## Work order:
Every entry that follows must be written out exactly, apart from its pictures.

Excerpts from a dataset:
--*--
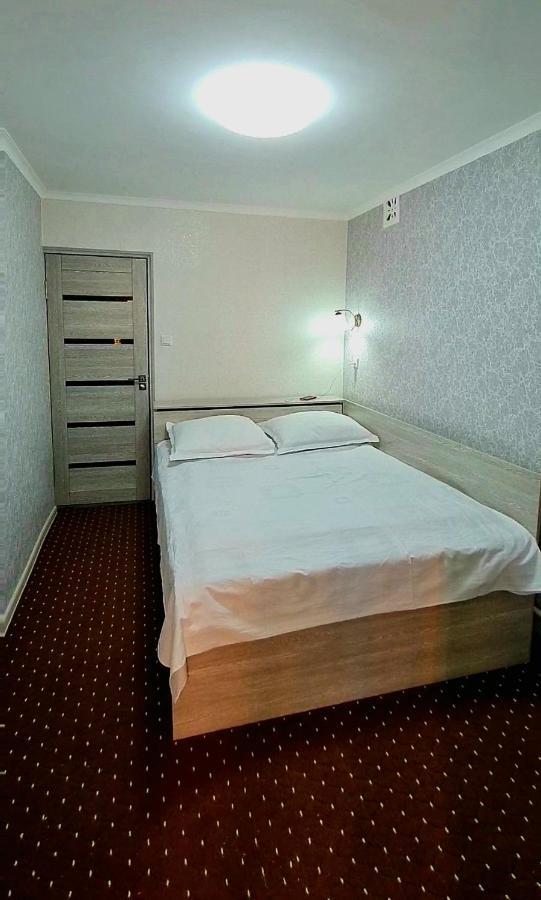 Flagman Appartement Fargʻona Buitenkant foto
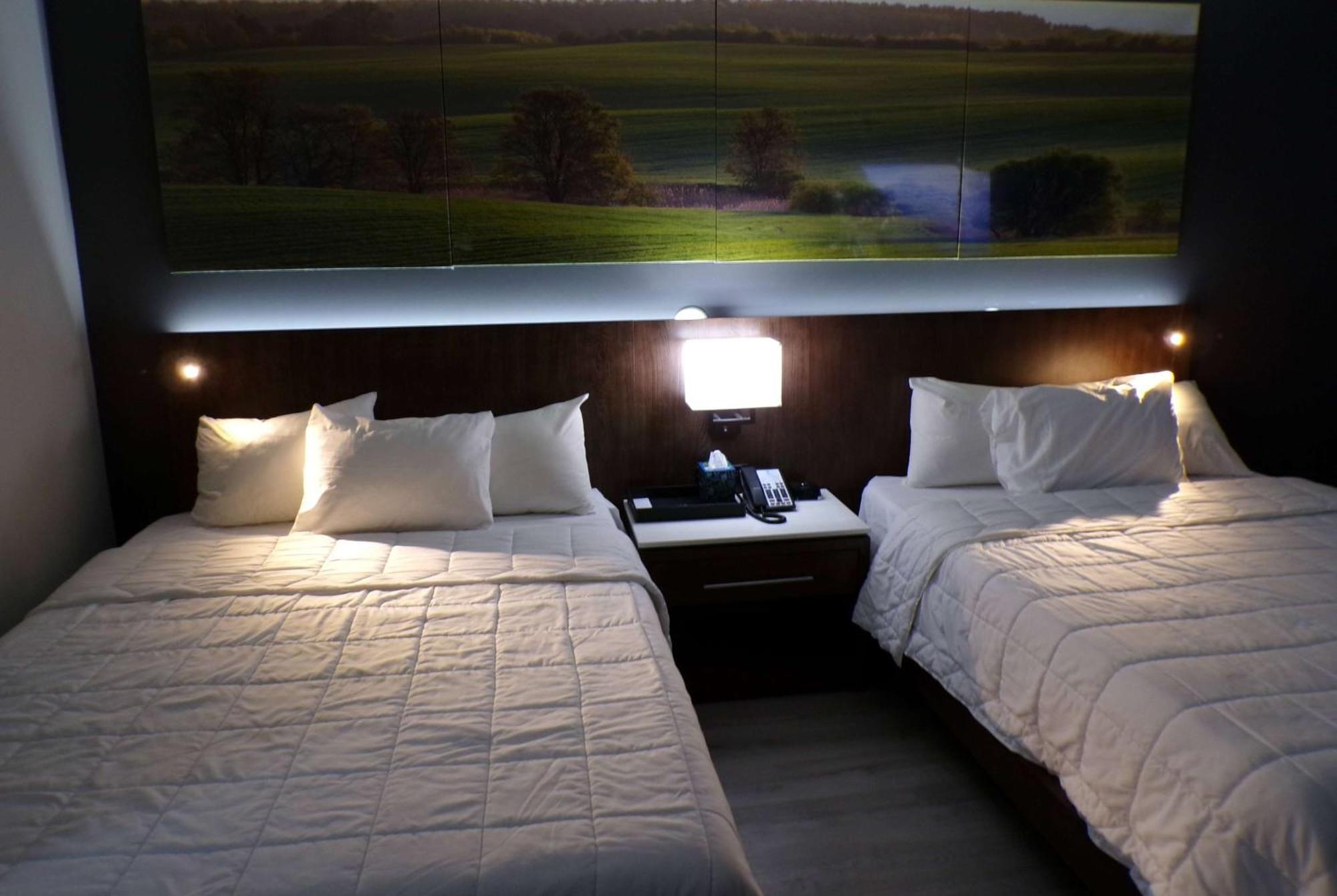 Luxor Inn & Suites, A Travelodge By Wyndham Elkins Exteriör bild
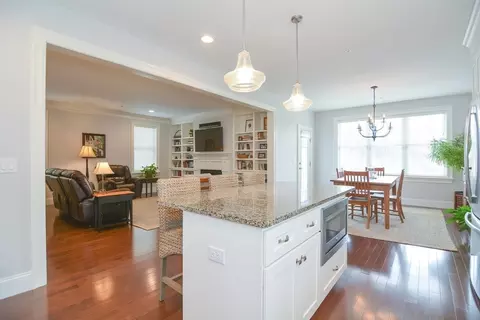 Kitchen - 180 Riverpath Dr #180, Framingham, MA 01701 photo 5 of 6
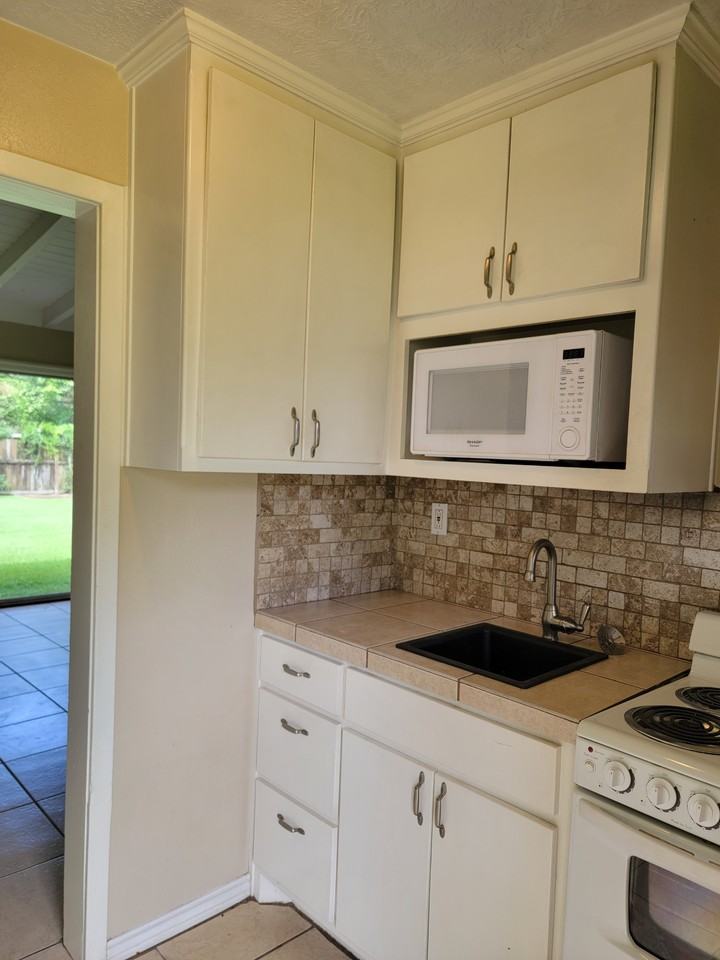 2616 Harrison St - Photo 4 of 16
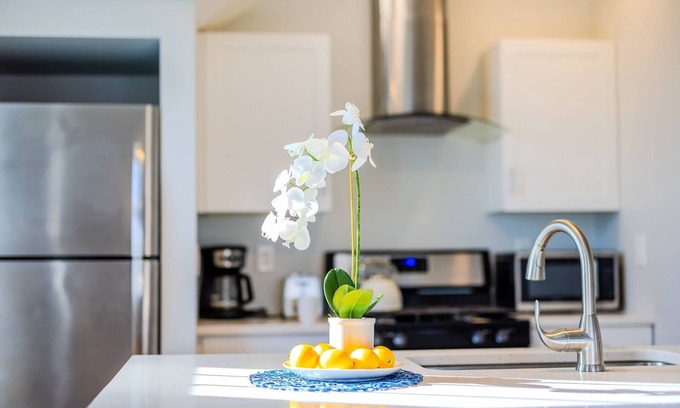 Federal Hill Apartment | Jennifer’s Getaway: Stunning Views & Private Deck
--*--
## Written answer:
 Flagman Appartement Fargʻona Buitenkant foto
 Luxor Inn & Suites, A Travelodge By Wyndham Elkins Exteriör bild
 Kitchen - 180 Riverpath Dr #180, Framingham, MA 01701 photo 5 of 6
 2616 Harrison St - Photo 4 of 16
 Federal Hill Apartment | Jennifer’s Getaway: Stunning Views & Private Deck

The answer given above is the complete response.